__ASSIGNMENT__. All lines from the one containing "The addams Family WhatsApp Sticker #9" to the end of the data below are to be returned exactly, both ends included, with nothing added.
================
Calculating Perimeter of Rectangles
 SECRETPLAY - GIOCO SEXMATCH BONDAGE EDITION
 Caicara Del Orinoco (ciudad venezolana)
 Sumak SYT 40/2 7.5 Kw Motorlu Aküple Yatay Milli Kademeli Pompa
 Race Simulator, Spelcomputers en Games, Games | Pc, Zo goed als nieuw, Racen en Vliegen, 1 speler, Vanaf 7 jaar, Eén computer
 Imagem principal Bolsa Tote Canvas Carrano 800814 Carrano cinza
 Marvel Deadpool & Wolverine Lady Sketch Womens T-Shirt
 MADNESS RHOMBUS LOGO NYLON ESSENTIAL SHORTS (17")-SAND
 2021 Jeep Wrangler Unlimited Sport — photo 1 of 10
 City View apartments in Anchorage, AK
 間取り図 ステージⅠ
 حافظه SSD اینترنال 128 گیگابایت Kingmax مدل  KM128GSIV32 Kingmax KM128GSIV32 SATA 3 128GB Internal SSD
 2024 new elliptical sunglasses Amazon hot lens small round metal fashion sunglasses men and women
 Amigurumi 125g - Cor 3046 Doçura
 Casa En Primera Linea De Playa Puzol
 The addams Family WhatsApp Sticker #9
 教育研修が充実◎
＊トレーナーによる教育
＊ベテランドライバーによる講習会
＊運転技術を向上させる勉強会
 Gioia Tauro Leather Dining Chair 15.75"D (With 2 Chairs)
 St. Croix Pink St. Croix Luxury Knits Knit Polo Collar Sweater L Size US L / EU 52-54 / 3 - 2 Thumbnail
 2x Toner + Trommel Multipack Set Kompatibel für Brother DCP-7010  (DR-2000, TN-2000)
================
__WRITTEN SOLUTION__.
 The addams Family WhatsApp Sticker #9
 教育研修が充実◎
＊トレーナーによる教育
＊ベテランドライバーによる講習会
＊運転技術を向上させる勉強会
 Gioia Tauro Leather Dining Chair 15.75"D (With 2 Chairs)
 St. Croix Pink St. Croix Luxury Knits Knit Polo Collar Sweater L Size US L / EU 52-54 / 3 - 2 Thumbnail
 2x Toner + Trommel Multipack Set Kompatibel für Brother DCP-7010  (DR-2000, TN-2000)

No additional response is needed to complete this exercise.